I have discovered a secret.
I know what shoots out of Spiderman’s wrists to help him swing from building to building. It is not silky web stuff, as previously thought.
It is marshmallow!!
If you are not a fan of the shop bought marshmallow then making your own will convert you – they are so much silkier, and don’t have any of the nasty preservatives etc. But boy is the mixture sticky, and stringy. Sticky, sticky, stringy goop, there is no other way of describing it. It is fun to wrestle with though!
And once you have wrestled as much of it out of the mixing bowl as possible you must, must pour boiling water into it, otherwise you will be chiselling it off for days. Or you may relent and just buy a new mixer bowl.
At this time of year there are a lot of s’more recipes floating around and in previous years they have tormented me. I can remember being at Brownies when I was younger and making s’mores – toasting the marshmallow on a candle before sandwiching it between two digestive biscuits or sometimes two rich tea biscuits, squishing the biscuits down so that the gooey melted marshmallow squidged delightfully! I don’t recall there being any chocolate involved though, but it is a very welcome addition.

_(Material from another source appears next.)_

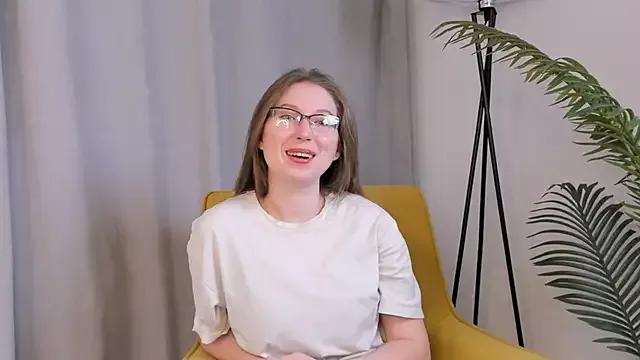 AmberVarona from StripChat is Freechat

I have often thought that these biscuits would make a good base for a s’more, but up until now I have resisted. This year I relented and used ginger nuts as the biscuit and made my own marshmallows – so, so good.
The spice in the biscuit complements the sweetness of the marshmallow, the chocolate softens slightly but still retains a good snap. Although . . . I used a culinary blow torch to toast my marshmallow and whilst it did melt them a little, it was no where near as gooey as it could have been. I would suggest skewering them on a wooden skewer and holding them over a gas hob (or a candle, or a bonfire) to get them nice and toasty on the outside and soft and squidgy in the middle. Just be careful not to set fire to them!
The added benefit to toasting them this way would mean that the chocolate would melt a little more, which I think would be all the more pleasing.
Whatever way you decide to
torch toast your marshmallow, you won’t be disappointed. Just eat them over a plate . . .
Homemade Vanilla Marshmallows
- 10g powdered gelatine
- 32ml cold water
- 200g granulated sugar
- 60ml liquid glucose, or corn syrup
- 60ml hot water
- 1 tsp vanilla bean paste
- cornflour for dusting
- Line a 8 inch x 8 inch baking tin with foil. Dust the bottom with a good layer of cornflour, making sure there are no gaps, it needs to be completely covered. If possible try and scoot a bit up the sides too.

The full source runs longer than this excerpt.